Within the entries below, find the portion that opens with the line containing "We are one of" and closes with the line containing "To me, it still". Retype that portion exactly and only.

-- STUDY MATERIAL --
------------------------------
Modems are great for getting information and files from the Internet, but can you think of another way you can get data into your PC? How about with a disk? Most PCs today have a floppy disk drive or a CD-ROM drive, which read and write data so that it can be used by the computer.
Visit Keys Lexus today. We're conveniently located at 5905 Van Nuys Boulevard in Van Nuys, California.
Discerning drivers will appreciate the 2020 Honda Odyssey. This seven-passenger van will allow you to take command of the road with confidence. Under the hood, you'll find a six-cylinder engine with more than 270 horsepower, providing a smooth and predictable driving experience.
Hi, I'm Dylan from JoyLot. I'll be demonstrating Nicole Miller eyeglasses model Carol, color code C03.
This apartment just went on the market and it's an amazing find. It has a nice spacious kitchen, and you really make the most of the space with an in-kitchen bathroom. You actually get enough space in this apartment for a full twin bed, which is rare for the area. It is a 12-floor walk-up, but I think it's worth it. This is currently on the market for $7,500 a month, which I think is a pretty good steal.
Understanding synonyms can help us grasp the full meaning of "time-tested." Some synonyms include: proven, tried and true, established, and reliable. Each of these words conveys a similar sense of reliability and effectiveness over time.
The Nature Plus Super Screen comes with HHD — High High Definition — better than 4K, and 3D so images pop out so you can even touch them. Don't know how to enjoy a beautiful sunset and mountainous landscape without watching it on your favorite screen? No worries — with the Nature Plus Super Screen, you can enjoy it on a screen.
------------------------------
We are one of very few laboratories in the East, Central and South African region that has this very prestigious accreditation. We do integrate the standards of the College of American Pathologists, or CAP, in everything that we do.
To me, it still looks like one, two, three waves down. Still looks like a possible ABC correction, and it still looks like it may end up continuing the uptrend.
------------------------------
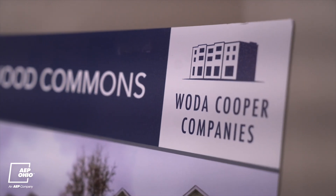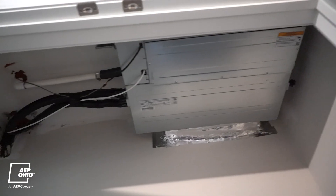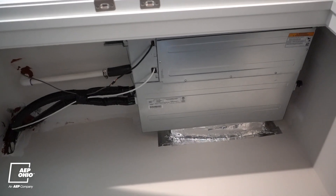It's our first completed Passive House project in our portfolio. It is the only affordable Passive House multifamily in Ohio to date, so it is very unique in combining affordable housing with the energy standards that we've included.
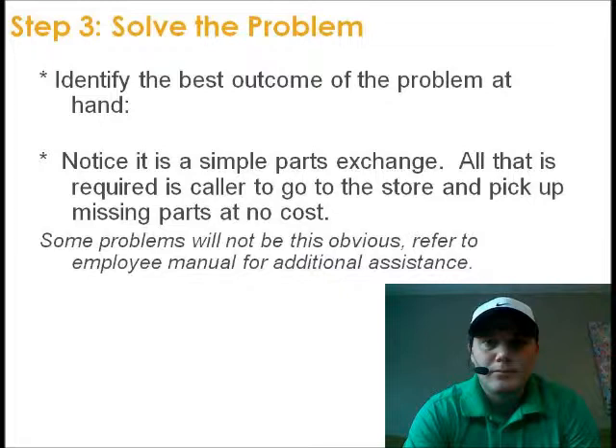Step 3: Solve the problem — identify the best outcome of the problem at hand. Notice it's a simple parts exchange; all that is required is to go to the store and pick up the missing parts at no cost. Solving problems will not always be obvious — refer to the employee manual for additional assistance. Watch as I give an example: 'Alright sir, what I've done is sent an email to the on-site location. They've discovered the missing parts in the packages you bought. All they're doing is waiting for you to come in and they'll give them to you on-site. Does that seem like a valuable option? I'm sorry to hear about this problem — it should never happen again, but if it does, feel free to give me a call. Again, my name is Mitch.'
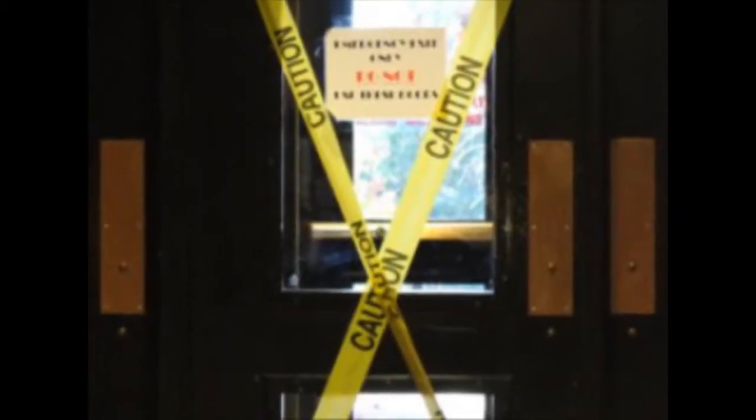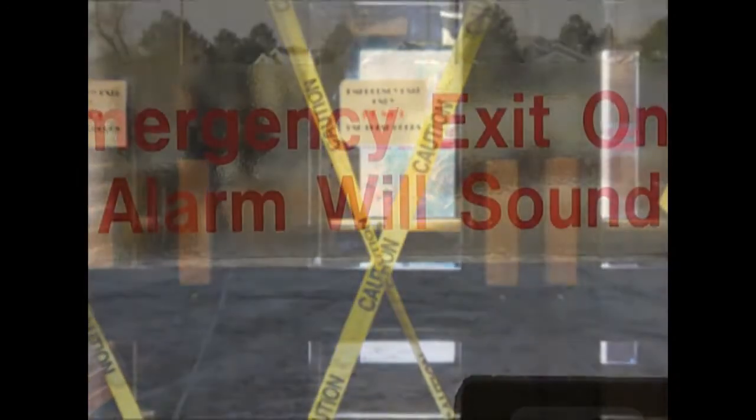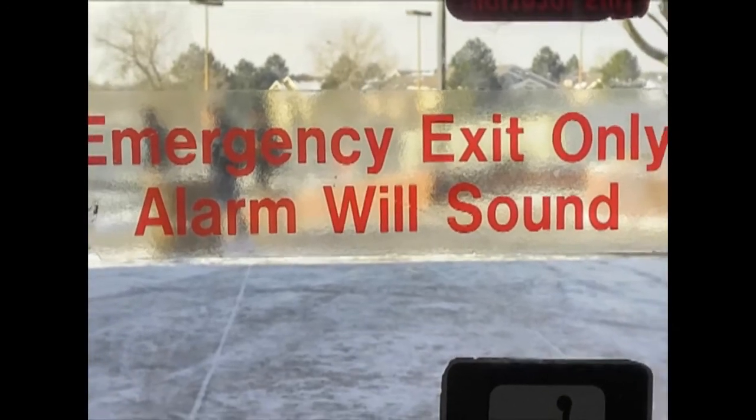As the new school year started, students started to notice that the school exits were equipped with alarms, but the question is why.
------------------------------
-- ANSWER TO THE PROBLEM --
We are one of very few laboratories in the East, Central and South African region that has this very prestigious accreditation. We do integrate the standards of the College of American Pathologists, or CAP, in everything that we do.
To me, it still looks like one, two, three waves down. Still looks like a possible ABC correction, and it still looks like it may end up continuing the uptrend.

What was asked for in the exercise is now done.